At another time the approach of a thing so rare among us as a coach had taken my mind off the most ingenious tale or history ever printed. But the tale is not written, nor like to be, that could for me vie in interest with this simple letter. Being then in my second reading of it, while Sir Michael, content with one perusal over my shoulder, had in kindness walked away along the terrace to the steps of the great door, leaving me to squeeze a second cup of sweetness, as it were, for my sole drinking, out of that letter, I neither knew that a coach had come, nor that my father was leading from it in my direction the Lady Mary Royston. And I, looking up in great joy of the letter, encountered with my eyes, in which I doubt not the light of my happiness was plain, her noble and austere countenance frowning upon me in manifest displeasure. But I was not dashed in my spirits, as perhaps she intended, by the gloom of her regard, partly because in serious things my father had long ceased to use me as a child, and partly because I guessed that, with his habit of kindness that was ever mindful of the small matters that do please women, he had left to me the pleasant task to tell of the letter. So I dropped my lady the finest courtesy I was mistress of, very freely thereafter smiling in her face, the letter whipt behind my back.

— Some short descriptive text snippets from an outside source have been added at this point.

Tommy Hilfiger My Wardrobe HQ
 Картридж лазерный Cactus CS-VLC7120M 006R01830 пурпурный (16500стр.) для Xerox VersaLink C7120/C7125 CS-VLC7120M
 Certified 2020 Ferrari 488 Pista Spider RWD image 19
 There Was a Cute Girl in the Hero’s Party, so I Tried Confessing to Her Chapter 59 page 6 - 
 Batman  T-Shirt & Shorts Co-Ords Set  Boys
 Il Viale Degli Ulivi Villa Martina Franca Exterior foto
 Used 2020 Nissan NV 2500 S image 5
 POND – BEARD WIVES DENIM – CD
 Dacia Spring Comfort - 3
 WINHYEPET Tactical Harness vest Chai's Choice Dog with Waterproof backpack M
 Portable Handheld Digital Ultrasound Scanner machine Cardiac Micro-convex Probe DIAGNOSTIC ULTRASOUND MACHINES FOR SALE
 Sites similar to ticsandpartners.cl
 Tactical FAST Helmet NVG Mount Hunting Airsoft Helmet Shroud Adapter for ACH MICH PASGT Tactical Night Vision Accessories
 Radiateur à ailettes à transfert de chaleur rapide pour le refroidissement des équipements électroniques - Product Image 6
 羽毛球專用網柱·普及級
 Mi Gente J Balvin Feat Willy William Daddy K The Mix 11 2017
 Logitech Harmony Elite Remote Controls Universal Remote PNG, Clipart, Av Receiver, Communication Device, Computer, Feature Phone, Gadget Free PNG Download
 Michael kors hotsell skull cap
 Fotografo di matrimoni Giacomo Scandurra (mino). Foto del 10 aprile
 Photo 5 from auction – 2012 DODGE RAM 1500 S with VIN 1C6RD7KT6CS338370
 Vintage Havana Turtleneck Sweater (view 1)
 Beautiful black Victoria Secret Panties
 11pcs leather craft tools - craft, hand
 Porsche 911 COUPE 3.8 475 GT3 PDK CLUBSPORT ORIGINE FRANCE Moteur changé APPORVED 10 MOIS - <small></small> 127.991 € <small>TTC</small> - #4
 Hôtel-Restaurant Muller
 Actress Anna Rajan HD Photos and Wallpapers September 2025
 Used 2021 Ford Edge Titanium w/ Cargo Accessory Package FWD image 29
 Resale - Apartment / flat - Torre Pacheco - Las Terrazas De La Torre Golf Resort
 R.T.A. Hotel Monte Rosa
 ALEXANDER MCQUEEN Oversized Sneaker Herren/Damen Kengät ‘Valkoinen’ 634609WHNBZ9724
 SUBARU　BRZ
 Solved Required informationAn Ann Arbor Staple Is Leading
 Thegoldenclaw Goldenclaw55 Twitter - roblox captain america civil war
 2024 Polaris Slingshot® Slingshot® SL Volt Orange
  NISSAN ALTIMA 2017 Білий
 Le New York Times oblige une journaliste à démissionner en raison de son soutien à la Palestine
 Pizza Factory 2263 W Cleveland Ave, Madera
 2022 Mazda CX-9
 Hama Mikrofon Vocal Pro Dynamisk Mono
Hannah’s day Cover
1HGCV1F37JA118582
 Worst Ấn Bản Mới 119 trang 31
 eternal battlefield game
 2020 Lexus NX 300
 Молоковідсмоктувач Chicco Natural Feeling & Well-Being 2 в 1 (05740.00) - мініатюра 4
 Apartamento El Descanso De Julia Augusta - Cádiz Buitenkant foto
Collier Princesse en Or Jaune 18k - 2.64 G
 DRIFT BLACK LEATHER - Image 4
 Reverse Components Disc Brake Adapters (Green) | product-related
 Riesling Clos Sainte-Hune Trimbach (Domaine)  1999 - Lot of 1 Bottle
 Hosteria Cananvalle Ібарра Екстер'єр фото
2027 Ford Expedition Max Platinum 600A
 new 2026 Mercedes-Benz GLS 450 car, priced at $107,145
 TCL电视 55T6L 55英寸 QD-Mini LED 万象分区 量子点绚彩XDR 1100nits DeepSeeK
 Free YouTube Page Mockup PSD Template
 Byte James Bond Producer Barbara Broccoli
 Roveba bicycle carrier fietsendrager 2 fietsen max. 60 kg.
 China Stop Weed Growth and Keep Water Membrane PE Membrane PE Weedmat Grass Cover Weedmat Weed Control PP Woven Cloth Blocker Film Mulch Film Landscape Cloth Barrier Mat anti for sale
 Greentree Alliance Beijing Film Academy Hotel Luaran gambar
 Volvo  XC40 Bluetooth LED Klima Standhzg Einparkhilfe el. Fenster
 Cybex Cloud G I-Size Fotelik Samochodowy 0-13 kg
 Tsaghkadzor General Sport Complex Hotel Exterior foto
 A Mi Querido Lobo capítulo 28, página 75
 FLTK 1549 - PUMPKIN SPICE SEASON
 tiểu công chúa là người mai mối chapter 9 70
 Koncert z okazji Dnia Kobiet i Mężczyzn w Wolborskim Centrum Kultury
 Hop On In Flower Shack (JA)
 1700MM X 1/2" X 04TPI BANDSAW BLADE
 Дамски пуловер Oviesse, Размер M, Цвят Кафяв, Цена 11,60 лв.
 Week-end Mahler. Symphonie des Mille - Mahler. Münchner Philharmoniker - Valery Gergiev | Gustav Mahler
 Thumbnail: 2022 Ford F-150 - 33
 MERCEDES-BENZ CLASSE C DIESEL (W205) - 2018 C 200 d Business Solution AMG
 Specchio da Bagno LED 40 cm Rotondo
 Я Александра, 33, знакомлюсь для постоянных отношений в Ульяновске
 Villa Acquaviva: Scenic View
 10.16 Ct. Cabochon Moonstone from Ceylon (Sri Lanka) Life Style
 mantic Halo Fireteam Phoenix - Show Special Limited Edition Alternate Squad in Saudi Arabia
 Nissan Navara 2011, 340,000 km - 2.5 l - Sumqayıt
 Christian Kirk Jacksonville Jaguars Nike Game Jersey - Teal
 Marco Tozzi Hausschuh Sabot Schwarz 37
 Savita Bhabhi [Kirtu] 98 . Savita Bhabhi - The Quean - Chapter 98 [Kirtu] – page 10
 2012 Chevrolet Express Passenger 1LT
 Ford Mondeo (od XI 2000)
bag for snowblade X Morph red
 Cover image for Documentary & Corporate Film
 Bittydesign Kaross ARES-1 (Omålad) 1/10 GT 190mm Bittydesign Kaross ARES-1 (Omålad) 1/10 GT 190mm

"Mistress Drayton seems but little cast down with all these terrible doings, Sir Michael," said her ladyship.

My father smiled grimly, but left reply to me, who answered: "Nay, dear madam, for we have but now received this news of Mr. Royston, which I believe as much intended for your ladyship as for my father and me." And, seeing by his face my father was willing, I handed her the letter.

With little courtesy she seized, and with great greediness perused, the letter, and her face was the face of a woman that tears at food after a great fasting; yet midway, at that passage, as I suppose, wherein I was peculiarly addressed, she looked from the letter to me in a manner to call to my mind those words which, in my eagerness to give ease to the mother's anxiety, I had forgotten the son to have used. With that memory, and under her gaze, the blood came hotly to my face, and I was glad when her eyes speedily fell again to the letter, which when she had finished, the heart of the woman within broke down the iron gates of pride and jealousy that had shut in the mother, even as they had so long shut out the friends of her son; for she now opened her arms to me, taking me to her bosom, and weeping over me tears of joy, while she blessed us, father and daughter, for the saving of her boy's life, declaring herself to be a jealous and wicked old woman, but, now she knew him safe, a very happy one, if her friends and Ned's would but forgive her.